Sunday, November 21, 2010

CD REVIEW - Brian Eno/Small Craft On A Milky Sea

It's quite a while since I've been excited by the stuff that Eno's released over recent decades. Either he's released more ambience into the world than it either needs, cares for, or can take, or its the well modulated, smooth, sonically controlled songs of Another Day On Earth. Though these have been pleasant additions to the lexicon, they elict no cigars for innovation. Only in his collaborative work, has there ever been some sense of exploration. But this has always been so, from Roxy through Talking Heads, Bowie and U2 on. Working with other peoples ideas in conjunction with his own appears to loosens the creative reins of control, where something random and often magically unexpected happens.

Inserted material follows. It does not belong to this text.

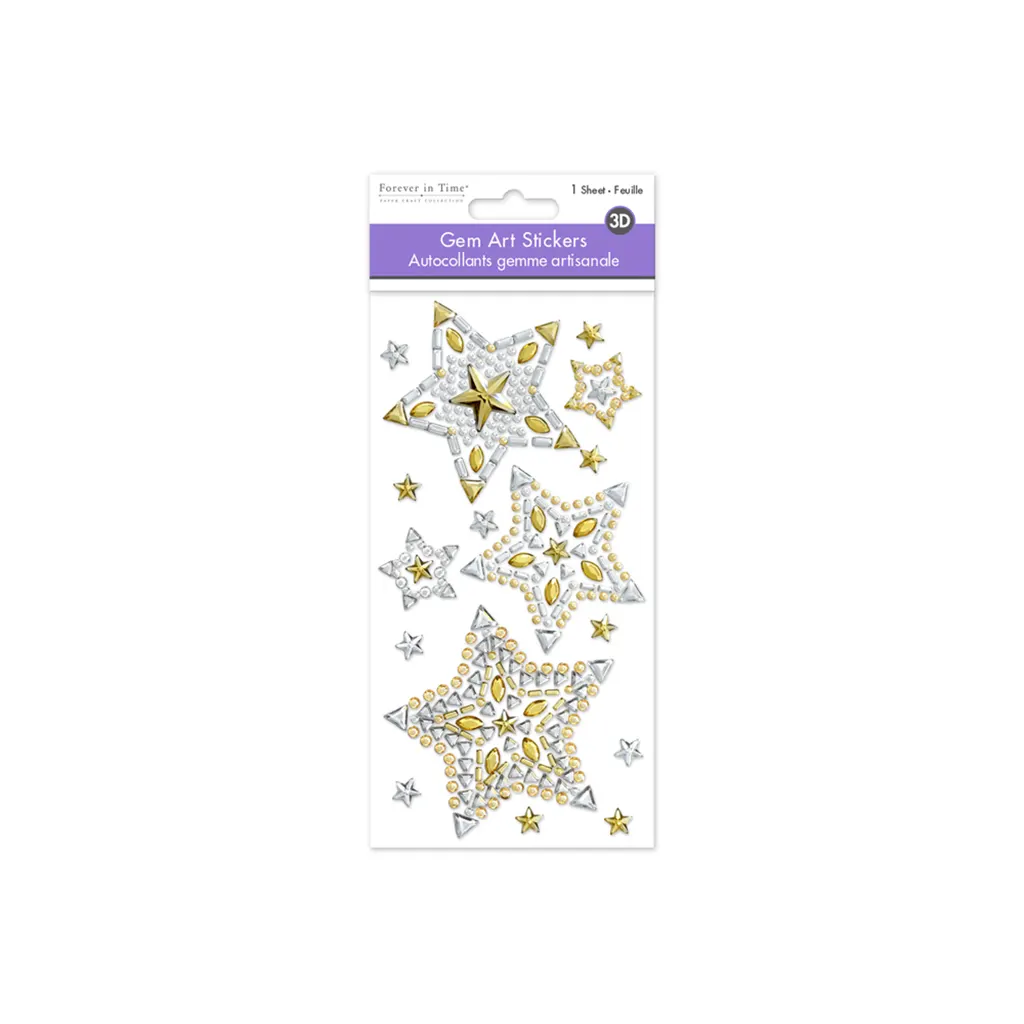 Paper Craft Sticker: 7.9"x3.9" Gem Art Star
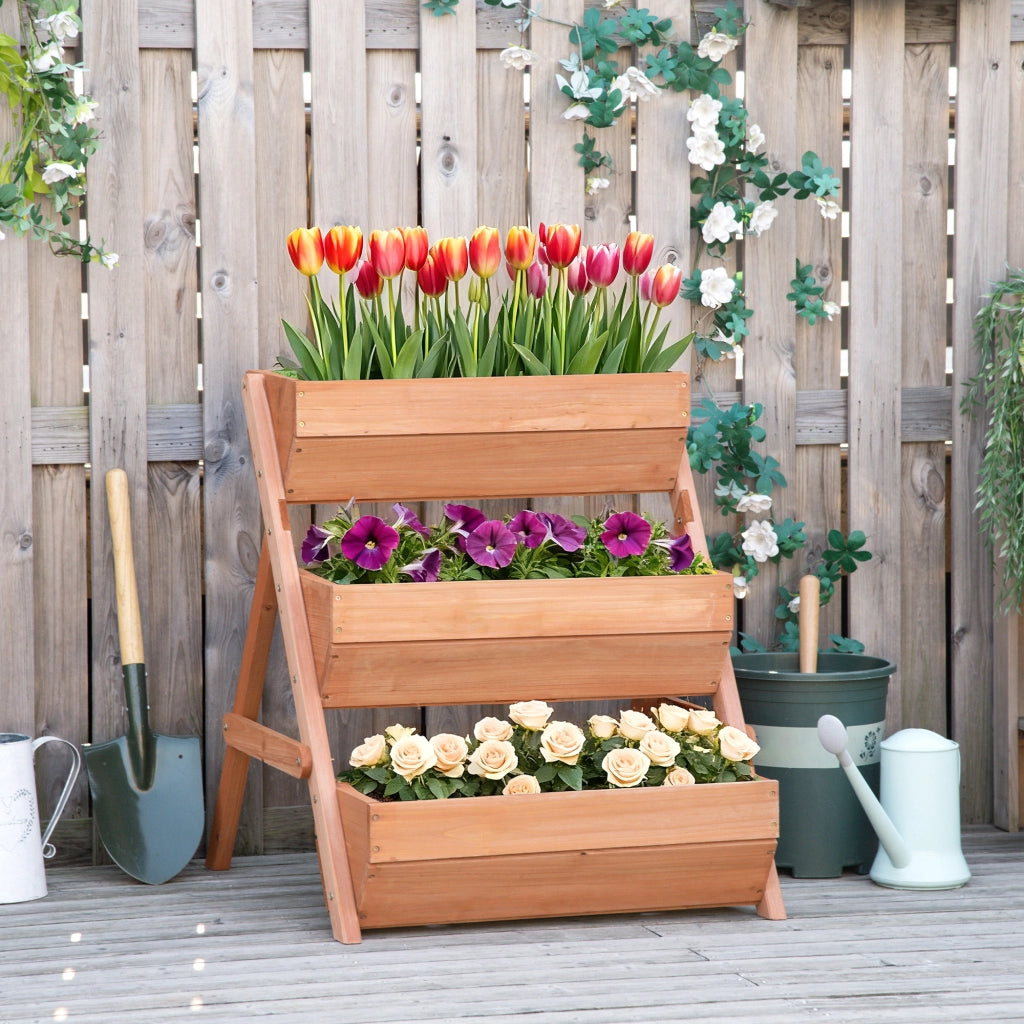 Giardino Letto Elevato Legno 3 Livelli con Drenaggio ¨C Zephmum ¨C Marrone 65x75x76 cm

His work with Fripp having long ago reached an impasse, it was only on Drawn from Life with Peter Schwalm, (2001) that we last saw Eno really make a concerted attempt at breaking out of his neat oblique process. It surprises me that this process, allegedly so experimental and changeable, can end up producing a body of recent work so uniformly consistent in character. Perhaps he has indeed become defined, if not confined, within his own working process and created his own musical category - Enoesque




Small Craft on a Milky Sea, however, does frequently gouge new grooves into his undoubtedly broad range of recordings. Maybe this comes from the 'improvisatory' nature of the source material. On 'Horse','2 Forms of Anger,Flint March' 'Paleosonic' and 'Dust Shuffle' we hear an Eno I thought had almost become extinct, one with sharp, aggressive, harsh, even discordant edges. Music one might even cut oneself on, or find difficult listening. To someone brought up on 'No Pussyfooting' oh what great joy it is to hear these tracks!

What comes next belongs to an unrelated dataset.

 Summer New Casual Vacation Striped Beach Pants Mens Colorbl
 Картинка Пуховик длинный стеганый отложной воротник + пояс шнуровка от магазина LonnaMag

Yes, there are still plenty of the recumbent, languid landscapes, as on 'Emerald and Lime' and the rather beautiful title track 'Small Craft on a Milky Sea, but these are rather contained, refined examples of the form he created. The album moves through a range of film like moods, suggestive of reflection, apprehension, transcendence, anger or fearfulness, in equal measure. Just when you've relaxed into a dreamy imaginary sunset, there comes an exultant storm of energy. Producing one of his most satisfying albums for quite some time.